User Mode, Kernel Mode, and the Trap Boundary

The CPU enforces the boundary. A user process may load and store its own mapped pages, execute arithmetic, branch, call library functions, and issue a syscall instruction. It may not write control registers, update page tables, mask interrupts, or read arbitrary physical memory.

On x86-64 Linux, normal process code runs at ring 3. Kernel code runs at ring 0. The lower ring number has more privilege. The current privilege level is derived from the code segment selector, even in long mode where segmentation is mostly disabled.

On ARMv8-A, user applications run at EL0. The kernel runs at EL1. Hypervisors use EL2, and secure monitor firmware may use EL3. A Linux syscall from an application is normally svc #0, which raises an exception from EL0 into an EL1 vector.

A toy memory map makes the protection rule concrete.

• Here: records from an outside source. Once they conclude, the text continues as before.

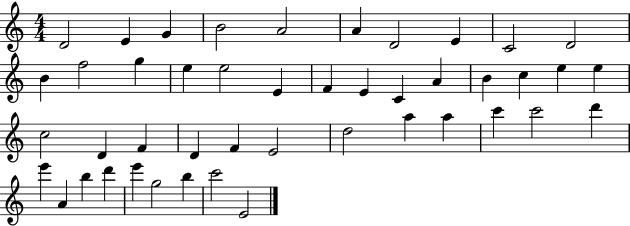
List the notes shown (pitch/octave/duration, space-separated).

D4/h E4/q G4/q B4/h A4/h A4/q D4/h E4/q C4/h D4/h B4/q F5/h G5/q E5/q E5/h E4/q F4/q E4/q C4/q A4/q B4/q C5/q E5/q E5/q C5/h D4/q F4/q D4/q F4/q E4/h D5/h A5/q A5/q C6/q C6/h D6/q E6/q A4/q B5/q D6/q E6/q G5/h B5/q C6/h E4/h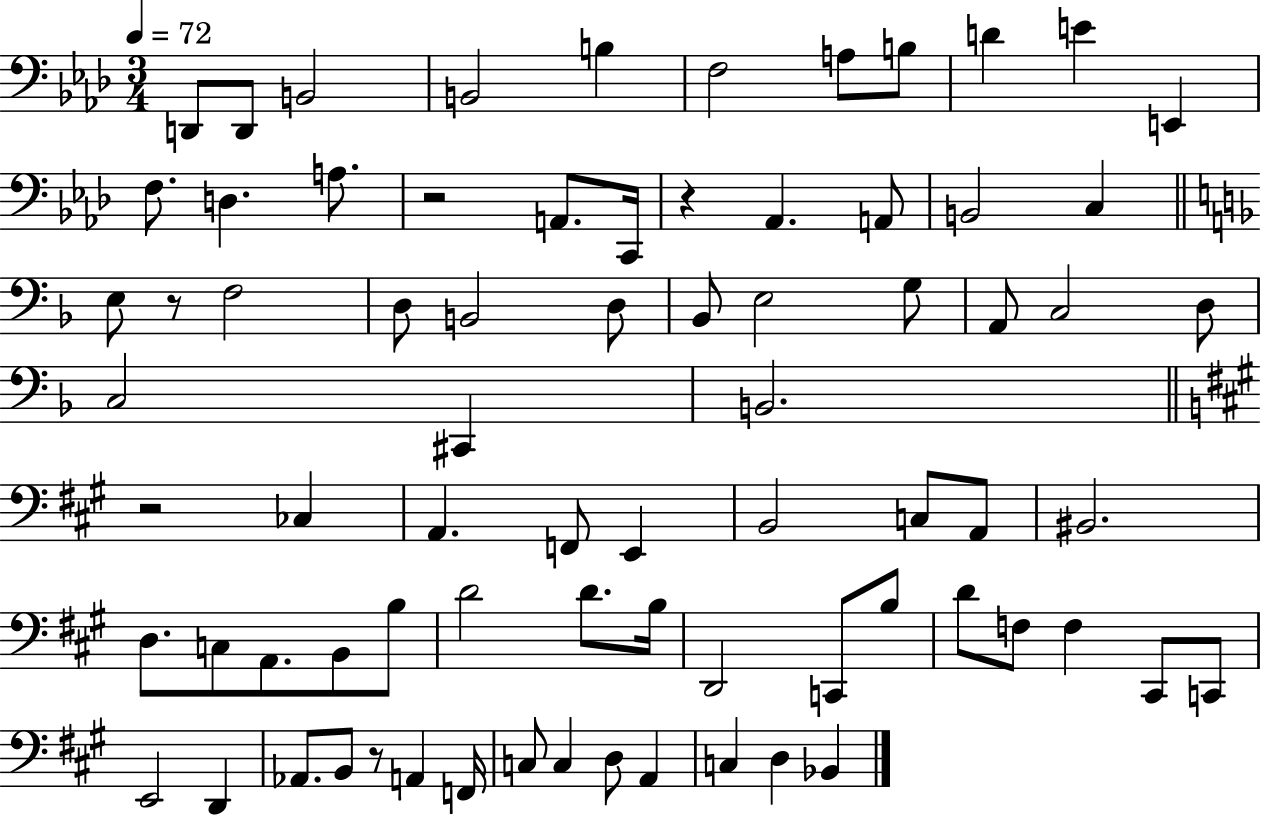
{
  \clef bass
  \numericTimeSignature
  \time 3/4
  \key aes \major
  \tempo 4 = 72
  \repeat volta 2 { d,8 d,8 b,2 | b,2 b4 | f2 a8 b8 | d'4 e'4 e,4 | \break f8. d4. a8. | r2 a,8. c,16 | r4 aes,4. a,8 | b,2 c4 | \break \bar "||" \break \key f \major e8 r8 f2 | d8 b,2 d8 | bes,8 e2 g8 | a,8 c2 d8 | \break c2 cis,4 | b,2. | \bar "||" \break \key a \major r2 ces4 | a,4. f,8 e,4 | b,2 c8 a,8 | bis,2. | \break d8. c8 a,8. b,8 b8 | d'2 d'8. b16 | d,2 c,8 b8 | d'8 f8 f4 cis,8 c,8 | \break e,2 d,4 | aes,8. b,8 r8 a,4 f,16 | c8 c4 d8 a,4 | c4 d4 bes,4 | \break } \bar "|."
}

Process virtual address space on a typical 48-bit x86-64 Linux system

0x0000000000400000  user text        r-x  /bin/demo
0x0000000000600000  user data        rw-  /bin/demo
0x00007ffff7dd0000  libc.so          r-x
0x00007ffffffde000  user stack       rw-
0xffff888000000000  kernel direct map rw-  supervisor only
0xffffffff81000000  kernel text      r-x  supervisor only

If user code dereferences 0xffffffff81000000, the page-table user/supervisor bit blocks the load and the CPU raises a page fault. The fault handler runs in the kernel, but the process does not get the data. The kernel may send SIGSEGV.

Every read and write goes through the kernel because file descriptors name kernel objects. Descriptor 1 is not a pointer to a terminal. It is an index into the process file descriptor table, which points to a kernel struct file, which points to filesystem, pipe, socket, or device operations.

process fd table

fd 0 -> struct file for terminal input
fd 1 -> struct file for terminal output
fd 2 -> struct file for terminal error
fd 3 -> struct file for model.bin

The x86-64 Syscall ABI

Linux on x86-64 uses the syscall instruction for the fast syscall path. User code places the syscall number in rax. It places up to 6 arguments in registers.

rax  syscall number
rdi  argument 1
rsi  argument 2
rdx  argument 3
r10  argument 4
r8   argument 5
r9   argument 6

The fourth argument uses r10, not rcx, because syscall itself overwrites rcx with the user return instruction pointer. It also overwrites r11 with saved flags. The kernel return path uses sysret or iretq depending on the case.

The instruction-level transition is precise. syscall loads the kernel entry instruction pointer from the model-specific register IA32_LSTAR, saves the next user RIP in RCX, saves RFLAGS in R11, masks selected flags, and changes the code privilege to ring 0. The instruction does not push a trap frame and does not by itself load a fresh stack pointer. Linux entry code uses per-CPU state to move execution onto the kernel stack before running ordinary C handlers.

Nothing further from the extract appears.